NYC Sues Trump to Spend $5 Billion Per Mile of Track
Daniel Greenfield
On May 10th, 1869, the first transcontinental railroad of almost 2,000 miles was completed and marked with a ‘Golden Spike’ driven in. Over 150 years and another 2,000 miles later, the New York City subway is struggling to finish its 10 mile Second Avenue line, underway in one form or another since the 1970s, and is suing Trump to help secure funding for $4 billion per mile.
That’s not a typo.
Houston’s entire budget is $7 billion. NYC wants to spend more than that on two stations.

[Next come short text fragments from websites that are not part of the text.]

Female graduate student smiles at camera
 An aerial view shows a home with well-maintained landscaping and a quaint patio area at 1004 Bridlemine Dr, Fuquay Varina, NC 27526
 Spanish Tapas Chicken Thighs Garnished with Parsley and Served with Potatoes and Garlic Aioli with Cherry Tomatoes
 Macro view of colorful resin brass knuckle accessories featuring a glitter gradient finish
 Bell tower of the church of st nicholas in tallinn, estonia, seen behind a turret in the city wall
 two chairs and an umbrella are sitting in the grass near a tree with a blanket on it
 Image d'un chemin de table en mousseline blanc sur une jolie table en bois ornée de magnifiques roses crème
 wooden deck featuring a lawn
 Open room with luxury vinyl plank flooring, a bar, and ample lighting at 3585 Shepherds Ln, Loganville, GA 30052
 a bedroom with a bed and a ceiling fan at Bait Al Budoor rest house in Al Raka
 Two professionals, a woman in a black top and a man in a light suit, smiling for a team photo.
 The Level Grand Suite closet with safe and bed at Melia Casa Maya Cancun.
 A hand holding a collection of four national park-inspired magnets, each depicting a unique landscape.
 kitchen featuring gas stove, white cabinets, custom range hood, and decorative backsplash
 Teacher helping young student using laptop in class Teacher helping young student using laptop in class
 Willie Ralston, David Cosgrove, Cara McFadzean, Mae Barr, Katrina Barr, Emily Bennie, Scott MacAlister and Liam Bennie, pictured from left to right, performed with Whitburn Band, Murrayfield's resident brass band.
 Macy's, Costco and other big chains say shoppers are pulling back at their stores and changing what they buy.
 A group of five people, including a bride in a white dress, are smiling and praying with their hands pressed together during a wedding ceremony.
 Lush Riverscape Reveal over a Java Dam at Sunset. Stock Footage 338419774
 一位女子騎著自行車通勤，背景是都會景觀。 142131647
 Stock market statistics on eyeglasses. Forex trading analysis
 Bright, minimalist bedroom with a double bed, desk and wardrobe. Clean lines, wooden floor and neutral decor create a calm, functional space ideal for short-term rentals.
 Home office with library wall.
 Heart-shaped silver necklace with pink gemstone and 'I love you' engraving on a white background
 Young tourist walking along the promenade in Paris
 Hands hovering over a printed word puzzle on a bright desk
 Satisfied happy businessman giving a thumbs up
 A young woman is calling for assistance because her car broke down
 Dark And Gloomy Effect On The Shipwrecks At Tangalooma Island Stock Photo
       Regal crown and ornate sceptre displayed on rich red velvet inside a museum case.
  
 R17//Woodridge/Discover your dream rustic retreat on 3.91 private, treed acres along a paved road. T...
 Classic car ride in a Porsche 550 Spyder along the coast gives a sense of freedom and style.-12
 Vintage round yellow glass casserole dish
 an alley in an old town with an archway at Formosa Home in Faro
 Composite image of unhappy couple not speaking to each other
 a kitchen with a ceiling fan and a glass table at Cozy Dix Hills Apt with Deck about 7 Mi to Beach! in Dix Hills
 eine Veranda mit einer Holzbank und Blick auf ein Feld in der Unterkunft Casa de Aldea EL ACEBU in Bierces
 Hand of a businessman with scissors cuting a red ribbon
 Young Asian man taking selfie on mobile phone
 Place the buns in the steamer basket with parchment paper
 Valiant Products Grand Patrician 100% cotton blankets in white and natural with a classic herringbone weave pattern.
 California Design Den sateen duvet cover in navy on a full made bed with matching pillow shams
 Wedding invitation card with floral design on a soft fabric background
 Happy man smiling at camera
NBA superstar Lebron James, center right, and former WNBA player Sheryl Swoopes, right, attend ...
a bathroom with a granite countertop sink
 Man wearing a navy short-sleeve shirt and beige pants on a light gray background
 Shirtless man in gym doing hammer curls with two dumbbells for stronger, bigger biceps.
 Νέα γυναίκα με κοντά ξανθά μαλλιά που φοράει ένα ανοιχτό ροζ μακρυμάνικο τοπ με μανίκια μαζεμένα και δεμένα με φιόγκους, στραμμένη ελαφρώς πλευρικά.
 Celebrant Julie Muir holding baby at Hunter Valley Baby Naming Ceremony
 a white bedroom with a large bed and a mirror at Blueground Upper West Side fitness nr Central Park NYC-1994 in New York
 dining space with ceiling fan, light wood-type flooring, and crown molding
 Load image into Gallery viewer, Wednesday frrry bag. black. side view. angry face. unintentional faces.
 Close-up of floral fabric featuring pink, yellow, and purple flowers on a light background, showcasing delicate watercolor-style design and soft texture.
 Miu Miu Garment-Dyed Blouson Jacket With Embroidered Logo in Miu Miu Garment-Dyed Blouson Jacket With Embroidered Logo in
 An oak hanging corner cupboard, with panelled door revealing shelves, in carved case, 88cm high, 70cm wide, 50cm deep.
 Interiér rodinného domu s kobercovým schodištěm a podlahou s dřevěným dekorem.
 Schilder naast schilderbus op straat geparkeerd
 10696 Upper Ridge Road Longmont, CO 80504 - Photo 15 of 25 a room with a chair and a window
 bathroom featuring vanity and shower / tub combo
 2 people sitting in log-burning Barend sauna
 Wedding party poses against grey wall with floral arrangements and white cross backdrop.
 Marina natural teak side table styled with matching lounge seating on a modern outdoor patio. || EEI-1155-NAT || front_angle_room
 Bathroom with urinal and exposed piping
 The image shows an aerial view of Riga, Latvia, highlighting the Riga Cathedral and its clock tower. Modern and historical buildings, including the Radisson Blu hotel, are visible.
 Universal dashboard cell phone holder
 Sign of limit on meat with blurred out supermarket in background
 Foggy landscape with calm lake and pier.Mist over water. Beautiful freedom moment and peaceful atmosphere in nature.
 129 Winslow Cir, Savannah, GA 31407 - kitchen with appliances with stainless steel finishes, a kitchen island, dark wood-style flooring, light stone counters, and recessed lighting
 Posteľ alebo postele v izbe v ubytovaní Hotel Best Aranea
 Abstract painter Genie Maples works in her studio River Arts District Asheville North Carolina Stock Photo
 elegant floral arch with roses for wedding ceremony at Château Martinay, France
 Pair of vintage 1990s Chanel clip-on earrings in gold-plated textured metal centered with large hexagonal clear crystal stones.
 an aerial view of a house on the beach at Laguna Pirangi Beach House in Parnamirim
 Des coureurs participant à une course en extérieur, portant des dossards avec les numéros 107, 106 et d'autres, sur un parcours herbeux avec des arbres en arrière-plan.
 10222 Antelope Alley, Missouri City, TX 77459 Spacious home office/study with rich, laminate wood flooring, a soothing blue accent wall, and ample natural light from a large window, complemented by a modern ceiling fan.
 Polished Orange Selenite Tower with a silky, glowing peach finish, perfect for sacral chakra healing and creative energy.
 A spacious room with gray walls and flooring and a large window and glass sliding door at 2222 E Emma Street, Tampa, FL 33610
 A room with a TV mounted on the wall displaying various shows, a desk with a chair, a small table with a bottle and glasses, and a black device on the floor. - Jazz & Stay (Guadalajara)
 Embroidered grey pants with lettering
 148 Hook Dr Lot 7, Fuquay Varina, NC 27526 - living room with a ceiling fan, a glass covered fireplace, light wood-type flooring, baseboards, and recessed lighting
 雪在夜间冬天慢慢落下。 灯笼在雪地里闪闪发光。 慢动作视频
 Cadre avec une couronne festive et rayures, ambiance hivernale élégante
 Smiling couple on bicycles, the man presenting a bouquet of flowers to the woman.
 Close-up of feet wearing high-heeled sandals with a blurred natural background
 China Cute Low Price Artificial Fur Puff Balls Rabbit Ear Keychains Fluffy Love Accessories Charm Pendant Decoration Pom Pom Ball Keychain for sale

The $7.7 billion second phase of the 10 mile Second Avenue line will run only 1.8 miles. That’s $4.27 billion a mile. That’s more than double the cost of the whole nearly 2,000 miles of the first transcontinental railroad in today’s dollars. All to build a walkable distance of subway tracks.
After $3.4 billion in grants from the Biden administration, the Metropolitan Transportation Authority is suing the Trump administration for an immediate $58 million payout complaining that if the notoriously corrupt and inept agency doesn’t get the money right away it’ll lead to “‘a domino effect’ of delays and inflated costs” and the last thing anyone wants is to see what delays and inflated costs look like for a 50-year-old project spending over $4 billion a mile.
But that’s optimistic. The first phase of the Second Avenue Line already became the world’s most expensive project at $2.5 billion a mile and cost a total of $4.45 billion, but was originally budgeted at $3.8 billion, if the same thing happens to the second phase, it will cost $9 billion.
That would bring the final cost to over $5 billion a mile.